El pitcheo de David Price, dos jonrones de Steve Pearce y la estrategia de Alex Cora. Esa fue la fórmula para que los Medias Rojas conquistaran otra Serie Mundial. Y ahora, un equipo que al comienzo del siglo arrastraba un maleficio, es la envidia del resto de las mayores.

Boston ganó la Serie Mundial por cuarta vez en 15 años, al doblegar ayer 5-1 a los Dodgers de Los Ángeles en el quinto juego.

Cora se convirtió en el primer manager de Puerto Rico y el segundo latinoamericano en la historia en ganar el Clásico de Otoño. Es apenas el quinto piloto que consigue coronarse en su campaña de novato.

“Los fanáticos en Boston son tan locos como los de Puerto Rico, no puedo imaginar lo que está sucediendo en Boston”, dijo Cora durante la premiación que cerró una campaña memorable de su equipo.

Tras comenzar la temporada regular con una derrota, los discípulos de Cora montaron una foja de 17-2. Luego, los Medias Rojas impusieron un récord de la franquicia con 108 victorias.

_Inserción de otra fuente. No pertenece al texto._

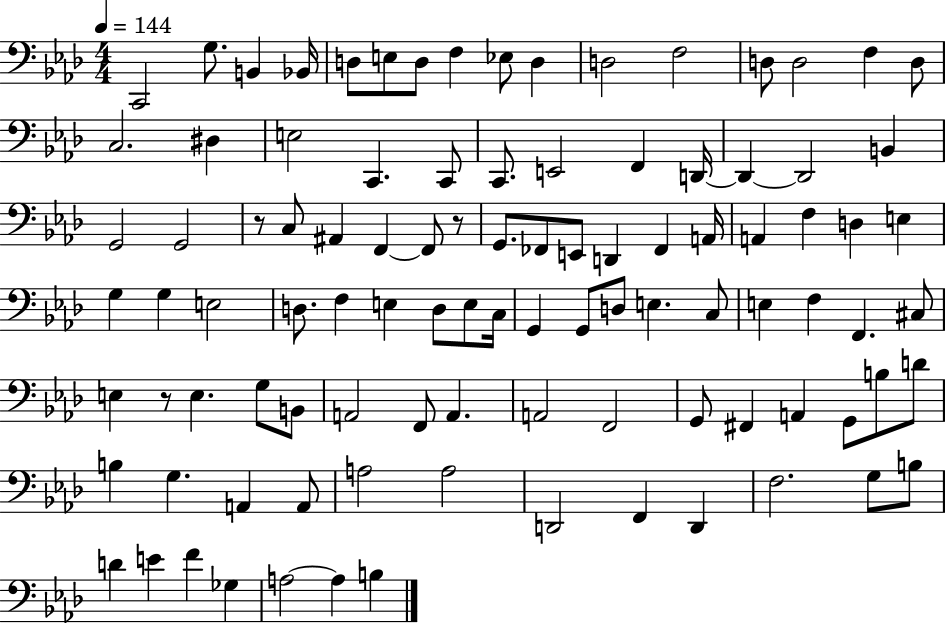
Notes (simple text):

Avasallaron a sus archirrivales Yanquis de Nueva York y a los Astros de Houston, campeones defensores, durante los playoffs de la Liga Americana. Luego, finiquitaron una serie en la que fueron infinitamente superiores.

“Es muy especial ver a todos estos adultos que festejan ahora como niños. De eso se trata el deporte”, comentó Price, quien lanzó pelota de tres hits hasta la octava entrada.

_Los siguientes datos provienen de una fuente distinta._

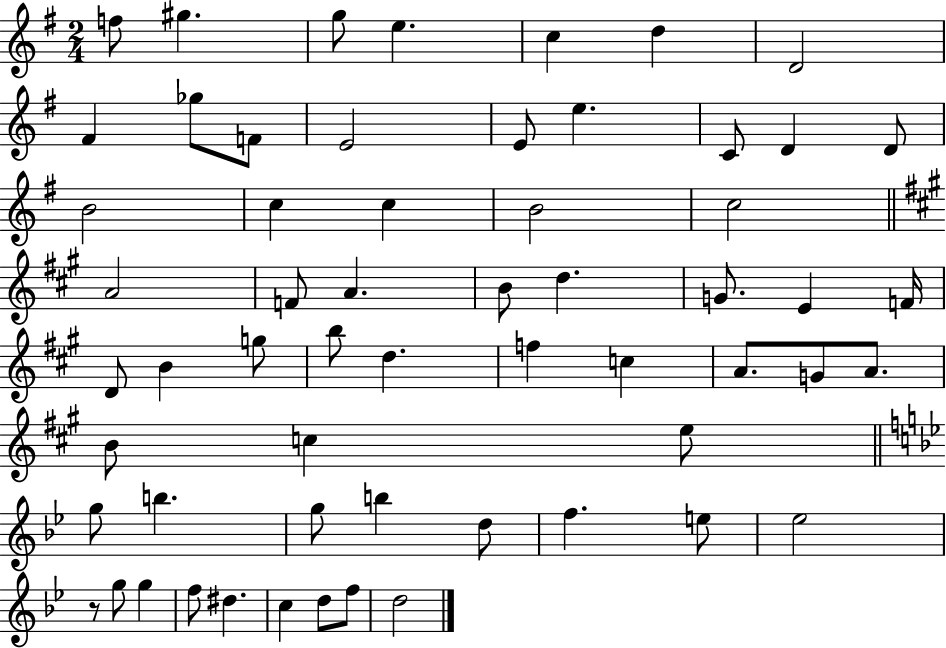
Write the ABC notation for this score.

X:1
T:Untitled
M:2/4
L:1/4
K:G
f/2 ^g g/2 e c d D2 ^F _g/2 F/2 E2 E/2 e C/2 D D/2 B2 c c B2 c2 A2 F/2 A B/2 d G/2 E F/4 D/2 B g/2 b/2 d f c A/2 G/2 A/2 B/2 c e/2 g/2 b g/2 b d/2 f e/2 _e2 z/2 g/2 g f/2 ^d c d/2 f/2 d2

La historia reciente de Boston es así radicalmente opuesta a la que atormentó a la franquicia durante los 86 años de la “Maldición de Babe Ruth”. Esa sequía terminó en 2004 y, desde entonces, los Medias Rojas se han convertido en el mejor equipo en lo que va del siglo XXI.

“No sé qué lugar ocupamos en la historia y todo eso”, señaló el gerente general Dave Dombrowski. “Si alguien me hubiera dicho que íbamos a ganar 119 juegos y a perder 57, no lo hubiéramos concebido”.

Pearce, nombrado el Jugador Más Valioso de la Serie Mundial, conectó dos bambinazos una noche después de que su jonrón y un doble de tres carreras fueron la clave en una remontada. El primer jonrón de Pearce llegó apenas al sexto lanzamiento del abridor Clayton Kershaw.